Data for the task.
%%

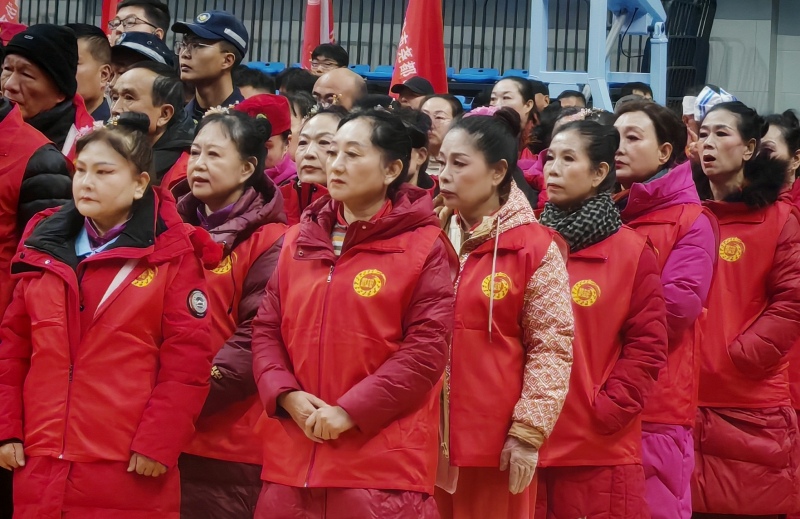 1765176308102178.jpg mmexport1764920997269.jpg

%%
%%

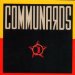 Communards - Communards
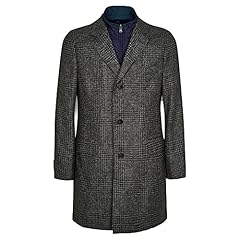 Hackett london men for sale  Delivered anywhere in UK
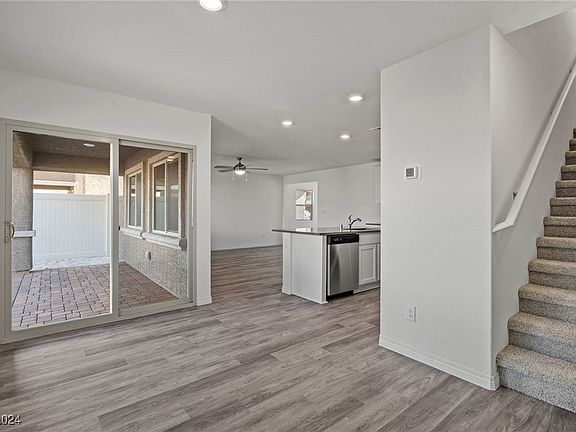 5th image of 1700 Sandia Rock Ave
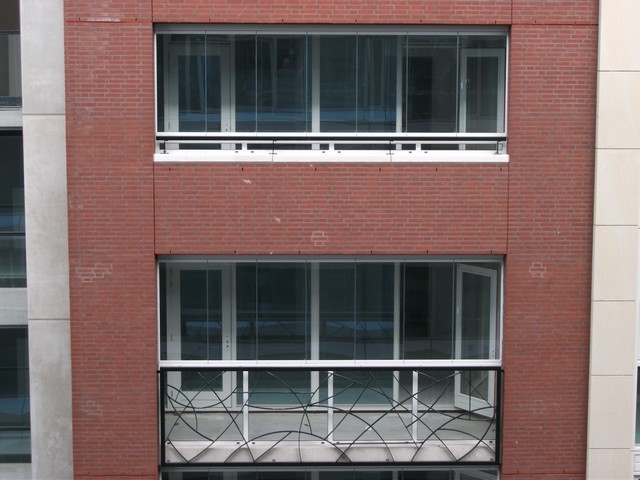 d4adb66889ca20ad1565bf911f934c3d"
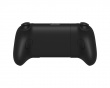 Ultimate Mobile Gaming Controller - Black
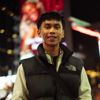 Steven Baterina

%%
%%

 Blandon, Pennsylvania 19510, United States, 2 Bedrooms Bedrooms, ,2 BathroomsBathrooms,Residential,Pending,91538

%%

What is needed. Print exactly the lines above that run from the one with "5th image of 1700 Sandia Rock Ave" down to the one with "Steven Baterina", and omit the pictures.

Written answer.
 5th image of 1700 Sandia Rock Ave
 d4adb66889ca20ad1565bf911f934c3d"
 Ultimate Mobile Gaming Controller - Black
 Steven Baterina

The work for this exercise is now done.